Este padrão histórico é importante ser destacado para nos lembrar que experiências de alternância de poder são relativamente escassas na história política brasileira desde a redemocratização. As tendências que observamos no nível federal também se afirmam nas transições entre governadores nos Estados da federação. Há poucas instâncias na maioria dos Estados no qual a oposição vence a disputa. O País está aprendendo e amadurecendo com a experiência de ceder o poder para a oposição.

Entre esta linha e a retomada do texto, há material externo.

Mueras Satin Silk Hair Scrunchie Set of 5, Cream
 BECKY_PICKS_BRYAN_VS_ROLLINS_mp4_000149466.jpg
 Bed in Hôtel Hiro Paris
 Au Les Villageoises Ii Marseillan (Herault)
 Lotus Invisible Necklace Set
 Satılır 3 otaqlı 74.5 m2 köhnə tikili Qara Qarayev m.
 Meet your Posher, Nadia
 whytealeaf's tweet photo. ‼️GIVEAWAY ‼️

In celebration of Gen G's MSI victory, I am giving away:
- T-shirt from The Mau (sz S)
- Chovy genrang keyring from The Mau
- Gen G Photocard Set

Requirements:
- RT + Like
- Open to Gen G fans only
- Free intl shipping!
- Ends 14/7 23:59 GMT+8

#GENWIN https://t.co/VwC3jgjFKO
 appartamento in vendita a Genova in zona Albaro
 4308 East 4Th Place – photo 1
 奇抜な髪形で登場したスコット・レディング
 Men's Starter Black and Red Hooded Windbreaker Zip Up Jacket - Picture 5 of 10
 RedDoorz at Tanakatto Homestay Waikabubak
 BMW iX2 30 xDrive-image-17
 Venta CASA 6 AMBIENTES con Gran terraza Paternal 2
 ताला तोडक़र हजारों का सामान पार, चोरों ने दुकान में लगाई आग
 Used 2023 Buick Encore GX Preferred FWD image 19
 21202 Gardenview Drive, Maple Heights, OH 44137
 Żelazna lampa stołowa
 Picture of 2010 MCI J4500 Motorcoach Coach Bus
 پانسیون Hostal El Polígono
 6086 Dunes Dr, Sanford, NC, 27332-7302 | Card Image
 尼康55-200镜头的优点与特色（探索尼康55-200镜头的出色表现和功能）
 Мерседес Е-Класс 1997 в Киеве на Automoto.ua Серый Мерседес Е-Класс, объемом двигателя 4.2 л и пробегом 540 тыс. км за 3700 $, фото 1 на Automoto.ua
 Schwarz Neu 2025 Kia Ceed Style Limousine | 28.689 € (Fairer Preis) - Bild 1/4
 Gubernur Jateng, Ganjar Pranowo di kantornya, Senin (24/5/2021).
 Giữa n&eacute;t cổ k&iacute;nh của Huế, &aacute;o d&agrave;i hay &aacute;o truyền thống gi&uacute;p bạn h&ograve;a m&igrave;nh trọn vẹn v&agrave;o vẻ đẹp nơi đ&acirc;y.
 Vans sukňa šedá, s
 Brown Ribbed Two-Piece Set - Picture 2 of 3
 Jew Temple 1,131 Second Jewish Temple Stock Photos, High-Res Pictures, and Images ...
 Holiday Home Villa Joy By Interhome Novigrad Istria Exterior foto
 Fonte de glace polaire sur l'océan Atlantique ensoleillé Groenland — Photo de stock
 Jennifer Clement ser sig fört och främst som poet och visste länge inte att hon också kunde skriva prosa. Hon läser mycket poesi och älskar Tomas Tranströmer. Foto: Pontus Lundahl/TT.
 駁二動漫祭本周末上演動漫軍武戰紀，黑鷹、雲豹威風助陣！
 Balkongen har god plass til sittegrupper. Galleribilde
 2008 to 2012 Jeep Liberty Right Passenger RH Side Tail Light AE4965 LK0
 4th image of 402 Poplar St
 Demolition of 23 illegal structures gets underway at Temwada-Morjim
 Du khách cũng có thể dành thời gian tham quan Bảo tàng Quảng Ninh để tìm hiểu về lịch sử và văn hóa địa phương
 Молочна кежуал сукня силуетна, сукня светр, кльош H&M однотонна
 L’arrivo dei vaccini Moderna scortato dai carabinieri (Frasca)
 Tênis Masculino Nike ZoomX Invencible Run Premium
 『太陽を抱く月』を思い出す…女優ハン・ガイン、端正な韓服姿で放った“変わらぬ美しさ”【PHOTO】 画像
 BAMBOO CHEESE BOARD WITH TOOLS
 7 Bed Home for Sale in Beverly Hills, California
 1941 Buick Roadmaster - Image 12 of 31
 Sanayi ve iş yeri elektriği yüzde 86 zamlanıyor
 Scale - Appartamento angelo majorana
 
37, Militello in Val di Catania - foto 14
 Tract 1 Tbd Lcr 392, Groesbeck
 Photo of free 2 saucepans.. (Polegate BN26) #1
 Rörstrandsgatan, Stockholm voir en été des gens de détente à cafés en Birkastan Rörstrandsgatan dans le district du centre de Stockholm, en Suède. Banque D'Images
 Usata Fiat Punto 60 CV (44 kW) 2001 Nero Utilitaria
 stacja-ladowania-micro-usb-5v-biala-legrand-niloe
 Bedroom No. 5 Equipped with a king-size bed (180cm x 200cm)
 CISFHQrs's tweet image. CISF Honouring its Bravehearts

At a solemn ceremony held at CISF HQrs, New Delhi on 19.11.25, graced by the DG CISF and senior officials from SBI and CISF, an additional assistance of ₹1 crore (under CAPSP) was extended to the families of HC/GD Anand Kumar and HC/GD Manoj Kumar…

Com a alternância no poder se materializando em 1º de janeiro de 2023, este fato representará um grande momento para a democracia brasileira. Será apenas a terceira vez que isso acontece desde a redemocratização. Porém, como insiste a ciência política, a posse de Luiz Inácio Lula da Silva não significa a consolidação do processo democrático. Pelo contrário, significa continuar a transição democrática e, como tal, se trata de uma obra em andamento. Afinal, logo após sua terceira vitória eleitoral, na recente campanha eleitoral para presidente do Brasil, Lula afirma: “Chegamos ao final de uma das mais importantes eleições da nossa história. Uma eleição que colocou frente a frente dois projetos opostos de país. E que hoje tem um único e grande vencedor: o povo brasileiro”.